The Gwangju Uprising was a popular revolt calling for the democratization of South Korea in 1980. Students who protested against the martial law government were imprisoned, tortured, raped, or executed by government troops which led to citizens taking up arms against them. The murder of fifteen-year-old Dong-Ho by soldiers is the event that loosely connects the individual stories in this book that take place during the uprising itself and then over the following 30 years.

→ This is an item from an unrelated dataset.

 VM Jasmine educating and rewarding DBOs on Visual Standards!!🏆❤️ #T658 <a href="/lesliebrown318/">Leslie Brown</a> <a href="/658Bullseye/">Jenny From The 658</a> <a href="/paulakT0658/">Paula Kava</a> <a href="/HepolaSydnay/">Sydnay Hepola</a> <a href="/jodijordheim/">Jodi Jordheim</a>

This is a book that can make a reader lose faith in humanity because the atrocities that are committed indiscriminately against teenagers, women, innocent bystanders, and peaceful protesters in general are simply horrific, as are the punishments later inflicted on the armed people trying to stop the massacre. Such a senseless and excessive level of violence against the civilian population is unfathomable, and Han Kang manages to convey these inconceivable and terrifying events in a tangible manner by meticulously showing the despair, fear and pain experienced by the characters in the moment, as well as the traumata they suffered, and that affect them over decades. The survivors had their lives stolen from them the same as those who died, because these events condemned them to an isolated and incomplete life in which only those that suffered similarly can understand them. Relatives of the dead are unable to let go of their grief, and they, too, cannot make those that were not involved understand their plight.

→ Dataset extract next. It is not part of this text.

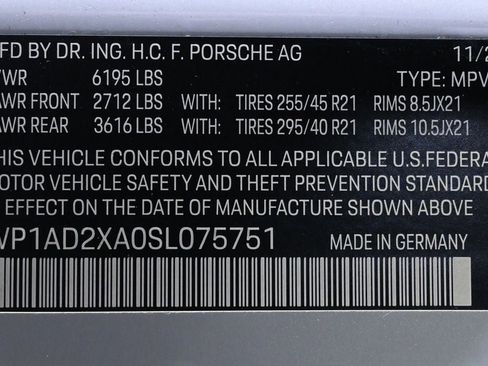 Used 2025 Porsche Macan Electric RWD image 27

The book overall is very hard to take because it is unflinchingly brutal, depressing, and devastating in describing the cruelty and oppression, and then the aftermath. In one chapter, a character explains a form of torture inflicted on prisoners that involves a pen, an act that is truly insidious, because not only are the pain and the wounds this inflicts absolutely appalling, but the victims are reminded of it every time they see a pen, which ensures that even many years after their release their experiences stay in the forefront of their minds. This is by far not the worst thing that happens in this book, but it is an example of the acts of extreme cruelty and maliciousness humans are capable of, and not only of thinking them up, but of putting them into practice and inflicting them on their fellow human beings. One of the character ruminates on this, and the pessimistic take on humankind is not easily dismissed in this situation:
Is it true that human beings are fundamentally cruel? Is the experience of cruelty the only thing we share as a species? Is the dignity we cling to nothing but self-delusion, masking from ourselves this single truth: that each one of us is capable of being reduced to an insect, a ravening beast, a lump of meat? To be degraded, damaged, slaughtered – is this the essential fate of humankind, one that history has confirmed as inevitable?
[…] I never let myself forget that every single person I meet is a member of this human race. And that includes you […] As it includes myself.

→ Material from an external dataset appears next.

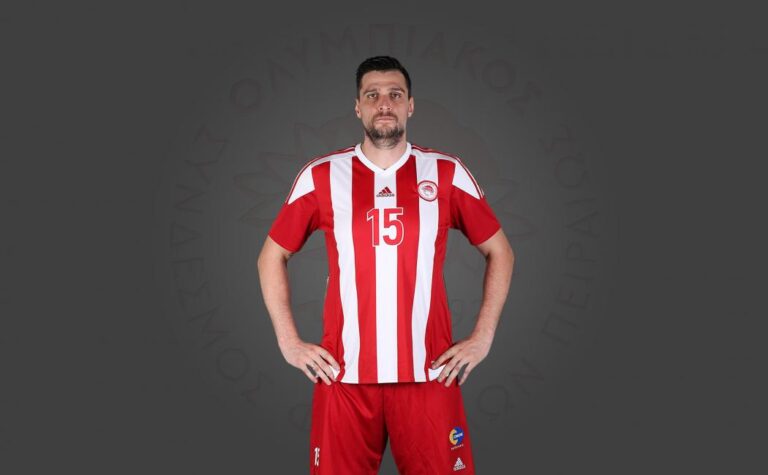 Ο Ολυμπιακός ανακοίνωσε τον Αλεξίεφ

What it means to be human is in general the subject of the book, but what it thoroughly examines is the darkness that is woven into the very fabric of our being and into our history as a species, or, if you want to call it that, the inhumanity that is not so much the other side of the coin, but an intrinsic part of humanity. However, facing the darkness in order to overcome it is a human act, too, as is progress which often means that out of the bad something good can be created. In this case, the Gwangju Uprising had a significant impact on the country’s politics and paved the way for later movements that ultimately brought democracy to South Korea. It is, however, only a small comfort to keep this in mind while reading. Overall, it is an important story full of horrors, and one that should never be forgotten. It is told in devastatingly beautiful prose, which makes this a read that is as engaging as it is off-putting, just like humanity itself.